# Supplied information

******

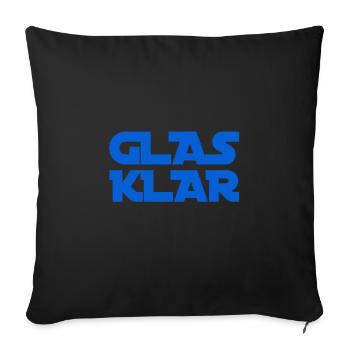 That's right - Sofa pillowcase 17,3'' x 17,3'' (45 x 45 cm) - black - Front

******

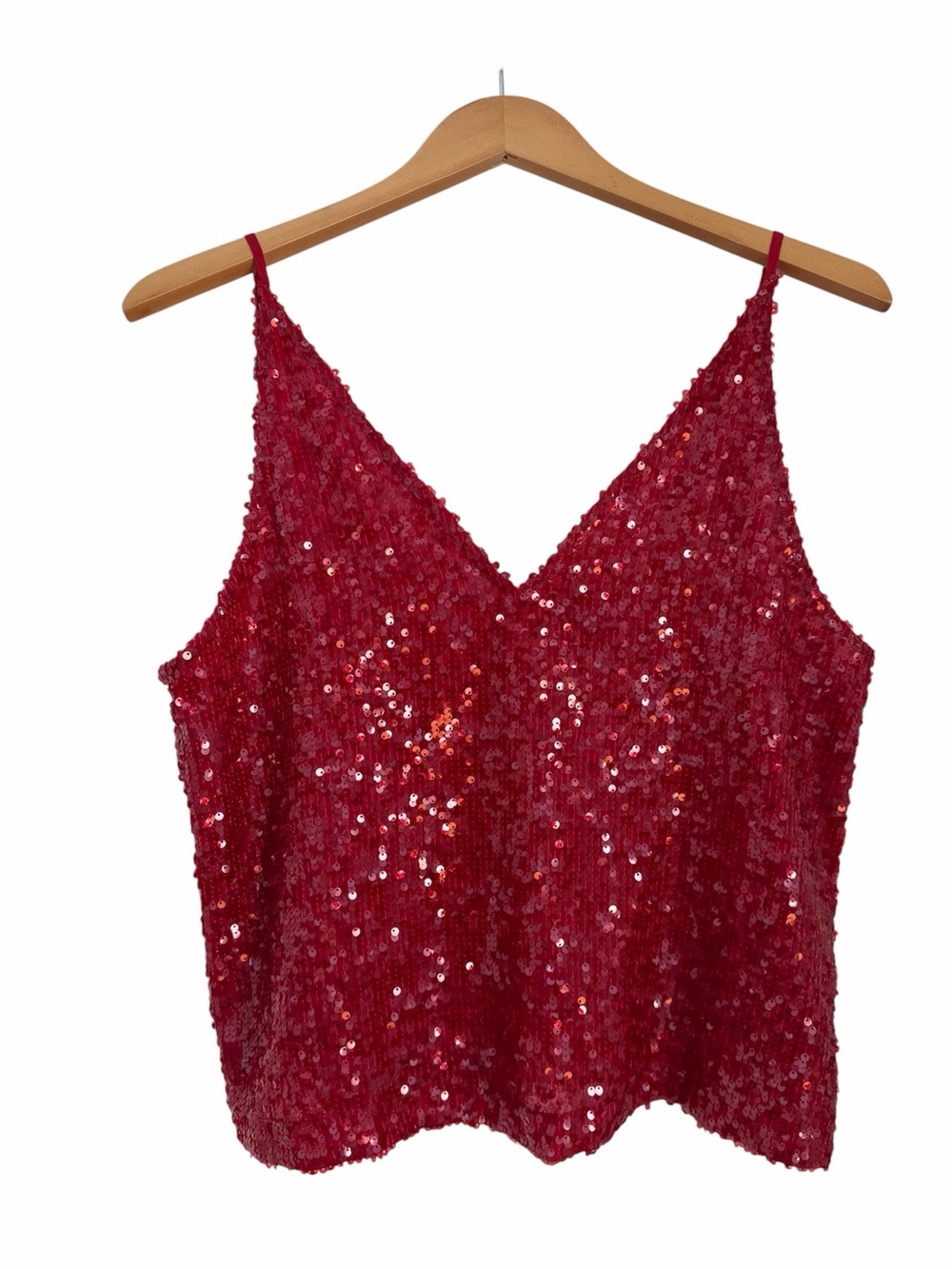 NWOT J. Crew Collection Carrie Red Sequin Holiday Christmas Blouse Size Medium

******

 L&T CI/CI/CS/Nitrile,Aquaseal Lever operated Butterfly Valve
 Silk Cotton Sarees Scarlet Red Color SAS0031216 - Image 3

******

# What needs to be done
Can you repeat, word for word, every line above from the one containing "L&T CI/CI/CS/Nitrile,Aquaseal Lever" down to the one containing "Silk Cotton Sarees", including both?

# Exercise response
 L&T CI/CI/CS/Nitrile,Aquaseal Lever operated Butterfly Valve
 Silk Cotton Sarees Scarlet Red Color SAS0031216 - Image 3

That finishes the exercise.